Kolakowski aponta que "a teoria da salvação mundana, isto é, a doutrina revolucionária
de Marx, é modelada sob o mesmo esquema dicotômico que caracteriza a doutrina cristã
da salvação. Fazendo paralelo exatamente ao cristianismo, esse esquema está
organizado em torno da crença prometeica de autorredenção da humanidade." No
marxismo não há um pecado original a expiar, e nem uma salvação vinda do exterior,
mas todo mal da história só adquire sentido pela libertação final.
Kolakowski aponta em seguida que é sobre o lugar das reformas que se dá a discussão
entre os reformistas e os marxistas na Segunda Internacional. A revolução não é
produzida por uma adição de reformas. O capitalismo não é capaz de ser reformado,
somente pode ser abolido. A diferença radical entre o mundo anterior à revolução e o
mundo da libertação total, o "tudo ou nada" marxista, coloca a questão da continuidade
da cultura humana. Será possível alguma continuidade ou haverá absoluta e
irreconciliável ruptura?
No caso de ruptura radical e absoluta, como exigiria a lógica interna das teses marxistas,
tudo o que precedeu a transformação radical deve ser rejeitado e esquecido, inclusive
todas as conquistas culturais da humanidade até então. Kolakowski considera que sobre
esse ponto específico é incoerente e ambíguo. Se a filosofia, o direito e a religião são
determinadas pelas relações de produção, e se as ideias nada têm de eternas, mas são
somente relativas às sociedades que as sustentam, então o sentido de toda a produção
cultural e intelectual era determinado por interesses de classe.
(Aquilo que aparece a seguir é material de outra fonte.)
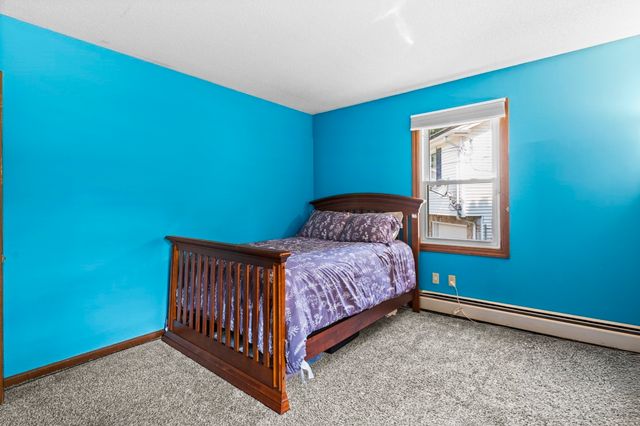 10 Rounseville St, New Bedford, MA 02745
Assim, quando a abolição das classes acontecer, a totalidade dessa produção perderá
seu sentido. Marx, ele mesmo, não aceitava essa conclusão, e pretendia que o
socialismo poderia se apoiar sobre as conquistas civilizacionais do capitalismo, fossem
tecnológicas ou pertencessem a outros domínios. De forma alguma a revolução traria
uma regressão utópica a uma época de tecnologia primitiva e sem ciência. A questão se
a cultura possui somente um sentido de classe ou possui valor universal, a obscuridade e
a equivocidade de Marx permitiu duas interpretações divergentes do socialismo.
Ninguém pôde jamais dizer exatamente no que consistiria essa mudança global e
absoluta, mas a sua ideia justificou toda forma de destruição cultural. O vandalismo, o
incêndio d bibliotecas e o terrorismo estariam de antemão justificados se a cultura
humana inteira não fosse mais do que expressão dos interesses de classes dominantes.
Kolakowski adverte que Marx não pode ser culpado por essas interpretações
posteriores.
Kolakowski argumenta que uma mudança total como propugnada pelo messianismo
revolucionário é tão impossível quanto a sociedade perfeita. Não obstante, regressões
culturais determinantes são possíveis, pois não existe uma lei que garanta o progresso
ininterrupto. O filósofo polonês considera como uma das aberrações mais monstruosas
do espírito humano a ideia de que o mundo é incapaz de qualquer melhoria, e que,
precisamente por isso, o mundo vindouro será perfeito. No pensamento religioso que lhe
deu origem, essa ideia ideia depende da graça, e é bem menos abominável que sua
versão mundano-revolucionária.
Não há salvação baseada em um suposto salto direto do Inferno para o Céu. Tal
revolução jamais acontecerá, encerra Kolakowski.